# [TASK DESCRIPTION]
Leave out every picture, and restate word for word only the lines from the one containing "ＣＥ 动漫社 (attack on ce)" through the end of the material.

• • • • • • •

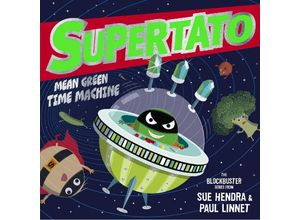 9781398511675 - Supertato   Supertato Mean Green Time Machine - Sue Hendra Paul Linnet Kartoniert (TB)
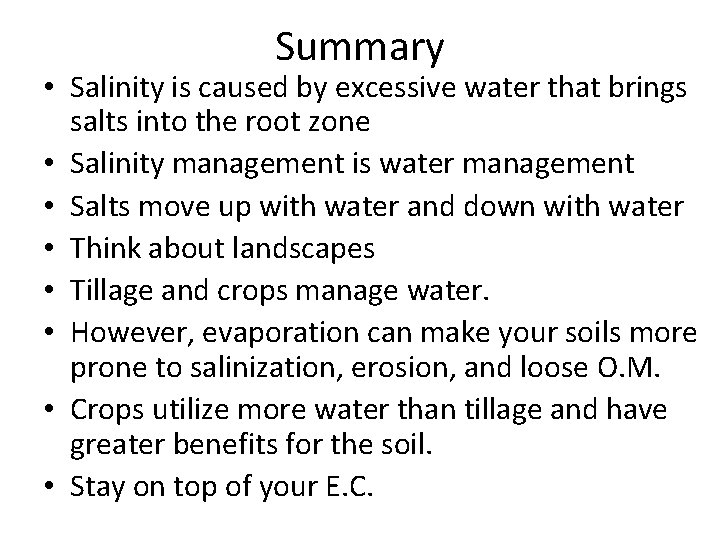Summary • Salinity is caused by excessive water that brings salts into the root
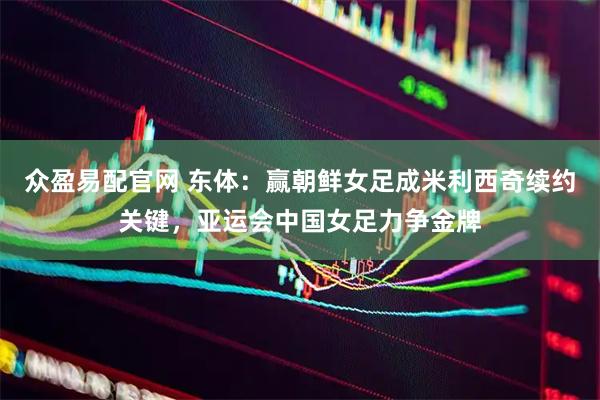 众盈易配官网 东体:赢朝鲜女足成米利西奇续约关键,亚运会中国女足力争金牌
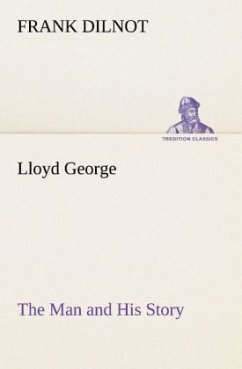 Lloyd George The Man and His Story - Dilnot, Frank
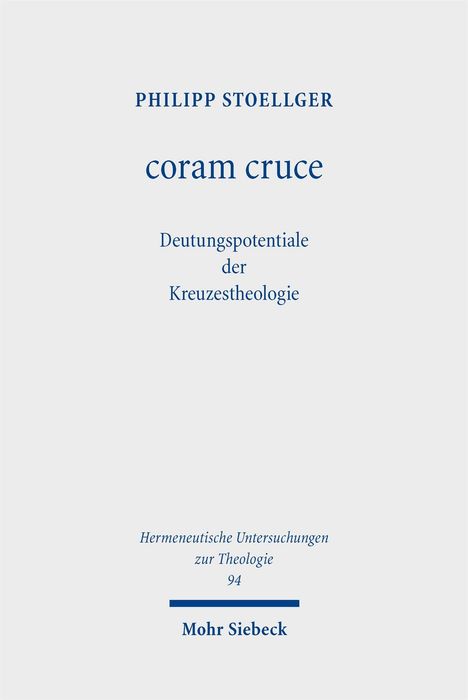 PHILIPP STOELLGER, coram cruce, Deutungspotentiale der Kreuzestheologie, Hermeneutische Untersuchungen zur Theologie, 94, Mohr Siebeck.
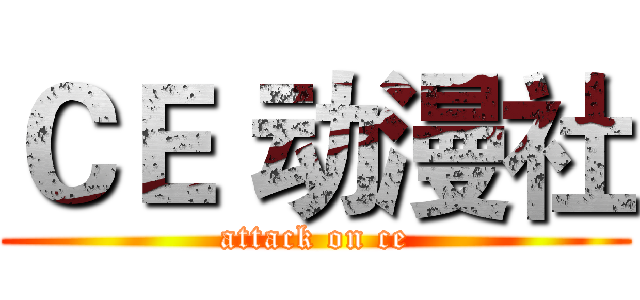 ＣＥ 动漫社 (attack on ce)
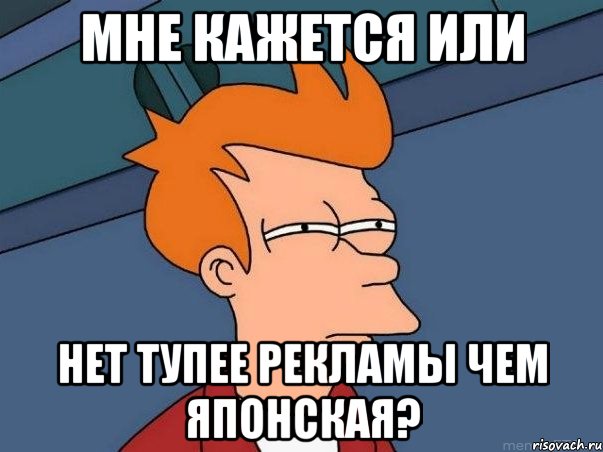 Мне кажется или нет тупее рекламы чем японская?, Мем  Фрай (мне кажется или)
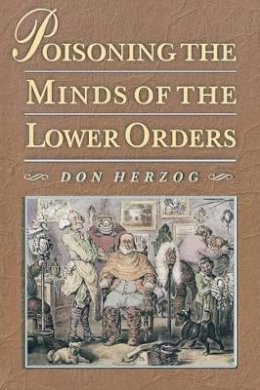 Don Herzog - Poisoning the Minds of the Lower Orders - 9780691057415 - V9780691057415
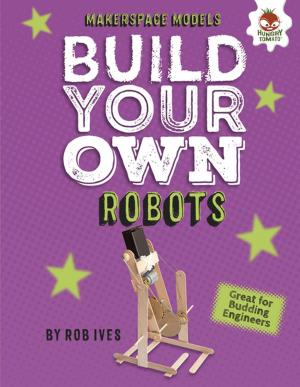 Cover of the book Build Your Own Robots by Laurie Friedman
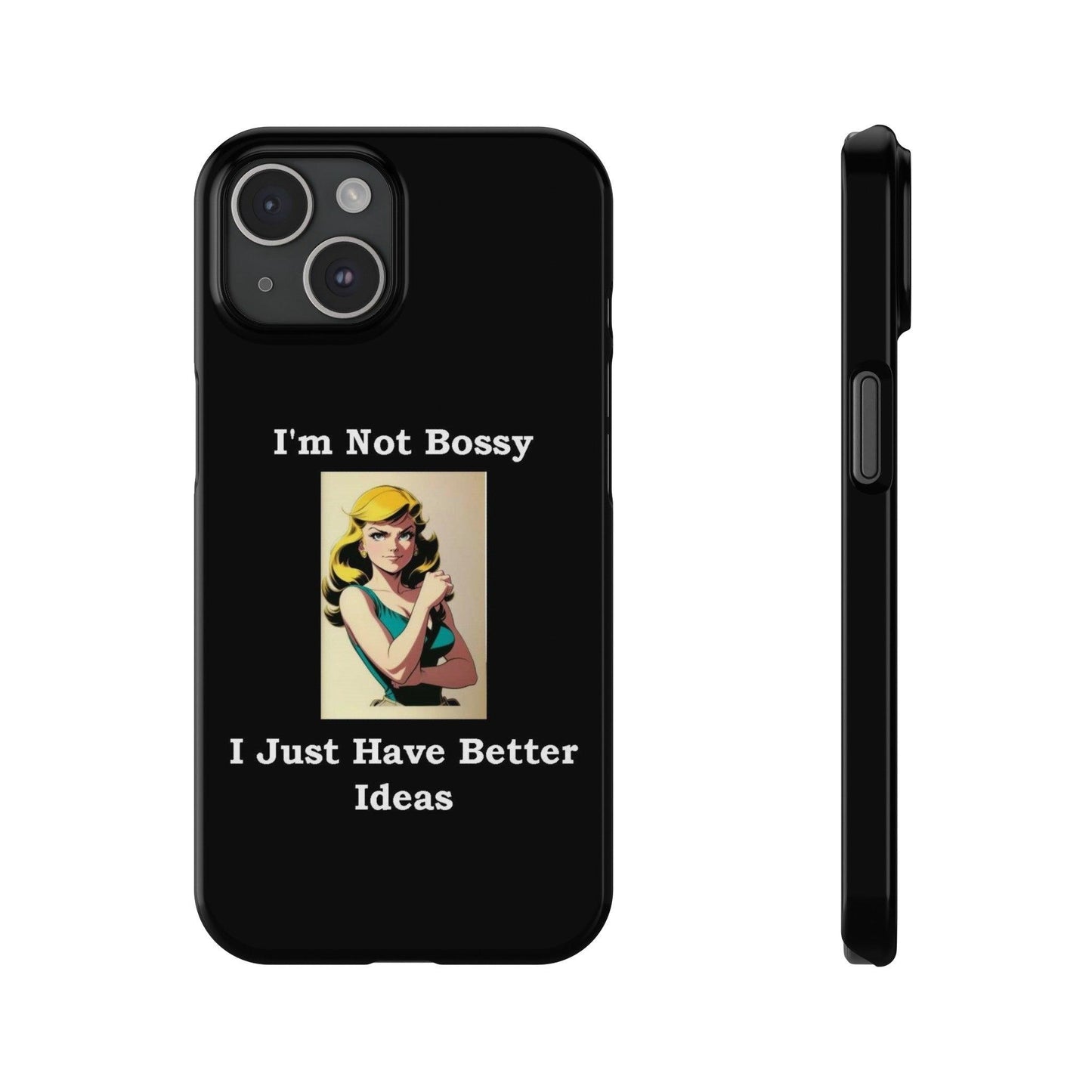 Bossy 1 (Black) - Slim Phone Cases - Better Mode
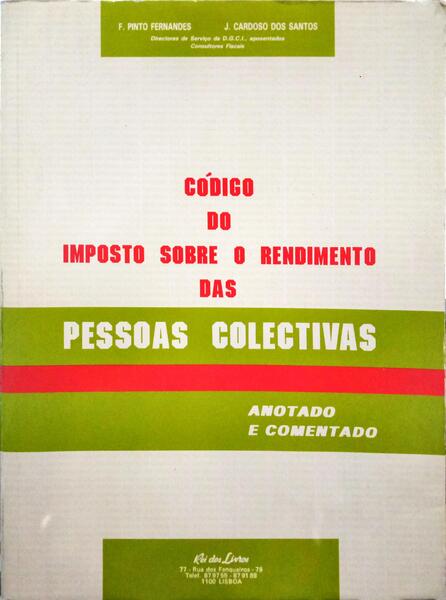 PINTO FERNANDES. (F.) e José Cardoso dos Santos. CÓDIGO DO IMPOSTO SOBRE O RENDIMENTO DAS PESSOAS COLECTIVAS.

• • • • • • •

# [YOUR RESPONSE]
 ＣＥ 动漫社 (attack on ce)
 Мне кажется или нет тупее рекламы чем японская?, Мем  Фрай (мне кажется или)
 Don Herzog - Poisoning the Minds of the Lower Orders - 9780691057415 - V9780691057415
 Cover of the book Build Your Own Robots by Laurie Friedman
 Bossy 1 (Black) - Slim Phone Cases - Better Mode
 PINTO FERNANDES. (F.) e José Cardoso dos Santos. CÓDIGO DO IMPOSTO SOBRE O RENDIMENTO DAS PESSOAS COLECTIVAS.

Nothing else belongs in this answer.